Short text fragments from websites
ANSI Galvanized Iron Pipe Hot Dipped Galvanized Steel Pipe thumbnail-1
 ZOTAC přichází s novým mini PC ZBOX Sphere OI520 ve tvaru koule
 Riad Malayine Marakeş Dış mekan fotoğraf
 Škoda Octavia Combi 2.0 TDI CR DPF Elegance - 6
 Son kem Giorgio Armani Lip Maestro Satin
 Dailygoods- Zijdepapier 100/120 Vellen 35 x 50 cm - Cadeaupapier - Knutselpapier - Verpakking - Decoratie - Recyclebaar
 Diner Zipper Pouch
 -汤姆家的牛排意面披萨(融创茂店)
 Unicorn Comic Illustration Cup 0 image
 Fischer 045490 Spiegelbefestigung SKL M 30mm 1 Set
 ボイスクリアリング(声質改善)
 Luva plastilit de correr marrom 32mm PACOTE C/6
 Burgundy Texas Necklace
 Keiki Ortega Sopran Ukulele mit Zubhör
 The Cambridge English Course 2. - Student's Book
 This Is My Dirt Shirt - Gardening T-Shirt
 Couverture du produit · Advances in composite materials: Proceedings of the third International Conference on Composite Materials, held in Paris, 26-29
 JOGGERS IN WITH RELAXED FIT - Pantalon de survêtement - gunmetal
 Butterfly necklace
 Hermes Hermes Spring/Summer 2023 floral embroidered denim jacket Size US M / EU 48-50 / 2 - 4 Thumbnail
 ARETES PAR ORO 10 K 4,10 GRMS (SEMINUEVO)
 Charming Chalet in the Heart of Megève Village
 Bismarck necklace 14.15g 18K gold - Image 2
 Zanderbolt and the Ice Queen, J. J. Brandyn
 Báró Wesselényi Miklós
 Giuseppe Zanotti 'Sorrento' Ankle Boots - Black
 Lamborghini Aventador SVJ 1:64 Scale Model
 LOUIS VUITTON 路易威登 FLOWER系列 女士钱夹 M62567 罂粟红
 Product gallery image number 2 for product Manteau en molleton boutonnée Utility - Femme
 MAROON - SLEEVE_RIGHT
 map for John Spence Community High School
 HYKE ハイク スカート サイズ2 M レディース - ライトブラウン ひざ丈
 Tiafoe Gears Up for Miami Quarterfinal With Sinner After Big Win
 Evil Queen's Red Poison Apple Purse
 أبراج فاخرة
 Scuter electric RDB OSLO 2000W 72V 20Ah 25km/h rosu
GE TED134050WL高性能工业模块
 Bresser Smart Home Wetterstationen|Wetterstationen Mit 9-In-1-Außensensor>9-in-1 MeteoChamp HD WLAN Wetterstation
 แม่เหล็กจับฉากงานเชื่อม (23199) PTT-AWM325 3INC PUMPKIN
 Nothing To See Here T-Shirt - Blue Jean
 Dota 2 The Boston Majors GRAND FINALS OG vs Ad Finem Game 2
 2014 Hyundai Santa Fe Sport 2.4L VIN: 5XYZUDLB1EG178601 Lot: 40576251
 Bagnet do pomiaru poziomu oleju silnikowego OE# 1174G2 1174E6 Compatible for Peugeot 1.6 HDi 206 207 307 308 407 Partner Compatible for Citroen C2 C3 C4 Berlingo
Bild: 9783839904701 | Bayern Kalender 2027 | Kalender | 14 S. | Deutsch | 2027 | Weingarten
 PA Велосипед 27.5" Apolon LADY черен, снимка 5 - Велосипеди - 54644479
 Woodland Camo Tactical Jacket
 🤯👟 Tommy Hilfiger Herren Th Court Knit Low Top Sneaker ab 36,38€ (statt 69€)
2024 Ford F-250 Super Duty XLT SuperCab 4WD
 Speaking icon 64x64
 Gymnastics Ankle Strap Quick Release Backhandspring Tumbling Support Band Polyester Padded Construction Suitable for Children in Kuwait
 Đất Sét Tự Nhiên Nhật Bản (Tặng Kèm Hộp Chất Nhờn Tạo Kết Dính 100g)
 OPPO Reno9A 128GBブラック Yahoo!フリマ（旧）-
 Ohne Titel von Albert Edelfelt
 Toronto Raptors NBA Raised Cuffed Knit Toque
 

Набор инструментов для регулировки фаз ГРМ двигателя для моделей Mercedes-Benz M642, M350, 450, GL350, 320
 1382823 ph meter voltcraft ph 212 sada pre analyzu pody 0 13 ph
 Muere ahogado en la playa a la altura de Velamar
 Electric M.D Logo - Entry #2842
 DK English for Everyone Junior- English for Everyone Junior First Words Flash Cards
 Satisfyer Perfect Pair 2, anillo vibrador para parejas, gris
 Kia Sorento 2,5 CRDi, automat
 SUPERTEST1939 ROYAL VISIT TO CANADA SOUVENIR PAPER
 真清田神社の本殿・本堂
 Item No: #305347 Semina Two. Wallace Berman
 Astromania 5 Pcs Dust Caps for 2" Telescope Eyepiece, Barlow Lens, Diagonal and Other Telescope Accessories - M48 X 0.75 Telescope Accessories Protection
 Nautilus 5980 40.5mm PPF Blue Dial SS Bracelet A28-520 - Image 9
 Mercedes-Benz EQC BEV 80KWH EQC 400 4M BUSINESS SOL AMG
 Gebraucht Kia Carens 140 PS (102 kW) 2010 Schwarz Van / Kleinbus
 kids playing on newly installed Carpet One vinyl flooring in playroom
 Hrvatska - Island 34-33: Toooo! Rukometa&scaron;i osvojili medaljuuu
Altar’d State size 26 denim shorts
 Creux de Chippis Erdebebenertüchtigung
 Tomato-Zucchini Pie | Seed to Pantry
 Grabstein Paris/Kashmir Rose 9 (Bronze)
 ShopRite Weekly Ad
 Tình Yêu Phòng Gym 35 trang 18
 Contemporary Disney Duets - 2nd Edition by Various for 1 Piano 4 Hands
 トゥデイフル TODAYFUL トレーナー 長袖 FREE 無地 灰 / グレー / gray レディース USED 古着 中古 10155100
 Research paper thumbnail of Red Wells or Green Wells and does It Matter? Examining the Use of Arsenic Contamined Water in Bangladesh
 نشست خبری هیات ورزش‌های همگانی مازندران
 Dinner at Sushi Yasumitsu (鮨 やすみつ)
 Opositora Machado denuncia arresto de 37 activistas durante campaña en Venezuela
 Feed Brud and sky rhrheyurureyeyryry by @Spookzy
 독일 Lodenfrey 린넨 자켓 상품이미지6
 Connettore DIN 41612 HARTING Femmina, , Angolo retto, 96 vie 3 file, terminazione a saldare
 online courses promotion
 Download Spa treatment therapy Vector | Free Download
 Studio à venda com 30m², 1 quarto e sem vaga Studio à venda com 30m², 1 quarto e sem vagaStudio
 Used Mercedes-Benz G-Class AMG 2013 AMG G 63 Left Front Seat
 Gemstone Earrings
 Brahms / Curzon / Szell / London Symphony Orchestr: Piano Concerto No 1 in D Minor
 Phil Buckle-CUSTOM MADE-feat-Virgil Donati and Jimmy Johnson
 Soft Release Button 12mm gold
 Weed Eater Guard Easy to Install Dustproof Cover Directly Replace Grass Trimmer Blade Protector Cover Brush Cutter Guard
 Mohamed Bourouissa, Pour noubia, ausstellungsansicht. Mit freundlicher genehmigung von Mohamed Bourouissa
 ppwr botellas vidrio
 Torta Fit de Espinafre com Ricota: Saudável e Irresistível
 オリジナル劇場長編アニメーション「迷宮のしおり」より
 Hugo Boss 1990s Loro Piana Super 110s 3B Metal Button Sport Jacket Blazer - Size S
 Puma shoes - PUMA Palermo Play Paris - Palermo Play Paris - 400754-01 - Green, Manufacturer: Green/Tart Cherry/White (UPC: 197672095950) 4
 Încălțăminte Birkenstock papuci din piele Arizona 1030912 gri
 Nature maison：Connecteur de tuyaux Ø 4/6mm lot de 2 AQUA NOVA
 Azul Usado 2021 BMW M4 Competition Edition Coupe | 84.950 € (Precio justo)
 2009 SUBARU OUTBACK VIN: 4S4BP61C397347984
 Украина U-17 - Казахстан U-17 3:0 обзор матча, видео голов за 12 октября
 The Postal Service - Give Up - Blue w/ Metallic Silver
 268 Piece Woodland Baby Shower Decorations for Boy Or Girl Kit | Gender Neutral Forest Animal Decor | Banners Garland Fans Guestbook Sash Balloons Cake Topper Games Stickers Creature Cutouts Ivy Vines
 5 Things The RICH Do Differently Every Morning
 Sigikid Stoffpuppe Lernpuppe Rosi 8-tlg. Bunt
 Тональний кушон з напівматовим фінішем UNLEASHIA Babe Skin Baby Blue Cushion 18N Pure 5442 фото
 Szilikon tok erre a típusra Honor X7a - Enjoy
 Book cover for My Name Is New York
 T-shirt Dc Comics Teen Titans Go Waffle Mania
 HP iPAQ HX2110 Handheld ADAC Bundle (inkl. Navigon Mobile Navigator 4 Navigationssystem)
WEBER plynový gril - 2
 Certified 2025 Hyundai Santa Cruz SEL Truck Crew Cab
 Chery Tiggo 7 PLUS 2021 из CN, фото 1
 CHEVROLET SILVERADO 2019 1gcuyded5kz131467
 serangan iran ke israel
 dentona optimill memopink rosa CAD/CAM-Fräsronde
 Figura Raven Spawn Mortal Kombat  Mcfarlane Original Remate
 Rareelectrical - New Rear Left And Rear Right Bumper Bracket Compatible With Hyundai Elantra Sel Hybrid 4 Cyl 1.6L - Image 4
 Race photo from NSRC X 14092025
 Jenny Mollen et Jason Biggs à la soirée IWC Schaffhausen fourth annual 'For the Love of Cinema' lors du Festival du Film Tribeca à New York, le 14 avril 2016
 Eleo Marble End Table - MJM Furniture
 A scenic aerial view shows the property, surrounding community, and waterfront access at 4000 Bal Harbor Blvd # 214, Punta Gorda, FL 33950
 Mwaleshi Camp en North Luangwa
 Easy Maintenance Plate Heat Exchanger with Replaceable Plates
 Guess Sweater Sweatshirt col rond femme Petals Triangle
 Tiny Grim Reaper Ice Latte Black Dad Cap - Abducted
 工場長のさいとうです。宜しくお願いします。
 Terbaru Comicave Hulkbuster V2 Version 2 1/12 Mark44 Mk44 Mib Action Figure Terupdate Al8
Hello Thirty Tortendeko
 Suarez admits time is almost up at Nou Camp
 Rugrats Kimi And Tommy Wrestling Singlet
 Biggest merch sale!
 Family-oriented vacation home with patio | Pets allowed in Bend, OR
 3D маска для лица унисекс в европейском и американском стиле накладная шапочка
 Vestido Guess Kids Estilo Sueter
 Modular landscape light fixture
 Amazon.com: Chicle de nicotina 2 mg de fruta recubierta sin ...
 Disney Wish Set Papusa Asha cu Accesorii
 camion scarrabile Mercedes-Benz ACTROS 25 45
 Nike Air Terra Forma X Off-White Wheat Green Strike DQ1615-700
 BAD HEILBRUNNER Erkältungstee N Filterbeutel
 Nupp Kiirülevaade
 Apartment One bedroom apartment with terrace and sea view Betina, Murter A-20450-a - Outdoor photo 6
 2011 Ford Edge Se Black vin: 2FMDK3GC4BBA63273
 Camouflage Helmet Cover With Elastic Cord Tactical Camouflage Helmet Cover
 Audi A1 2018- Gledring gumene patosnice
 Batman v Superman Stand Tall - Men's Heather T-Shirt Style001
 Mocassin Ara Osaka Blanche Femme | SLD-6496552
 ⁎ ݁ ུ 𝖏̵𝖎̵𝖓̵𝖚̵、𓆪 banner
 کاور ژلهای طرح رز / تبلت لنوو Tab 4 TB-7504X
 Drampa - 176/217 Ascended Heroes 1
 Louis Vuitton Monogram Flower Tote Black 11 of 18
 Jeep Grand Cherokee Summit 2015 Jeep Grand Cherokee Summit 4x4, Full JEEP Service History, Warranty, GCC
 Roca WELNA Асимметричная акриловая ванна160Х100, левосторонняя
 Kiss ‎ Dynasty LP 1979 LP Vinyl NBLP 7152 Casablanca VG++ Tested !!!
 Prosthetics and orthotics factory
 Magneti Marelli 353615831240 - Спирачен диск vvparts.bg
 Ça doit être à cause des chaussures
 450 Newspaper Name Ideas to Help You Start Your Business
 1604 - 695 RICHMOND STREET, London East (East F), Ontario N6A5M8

ASSIGNED TASK: Exactly one number is wanted in reply: the count of lines above that hold the string "Blue".

ANSWER FOR THIS EXERCISE: 4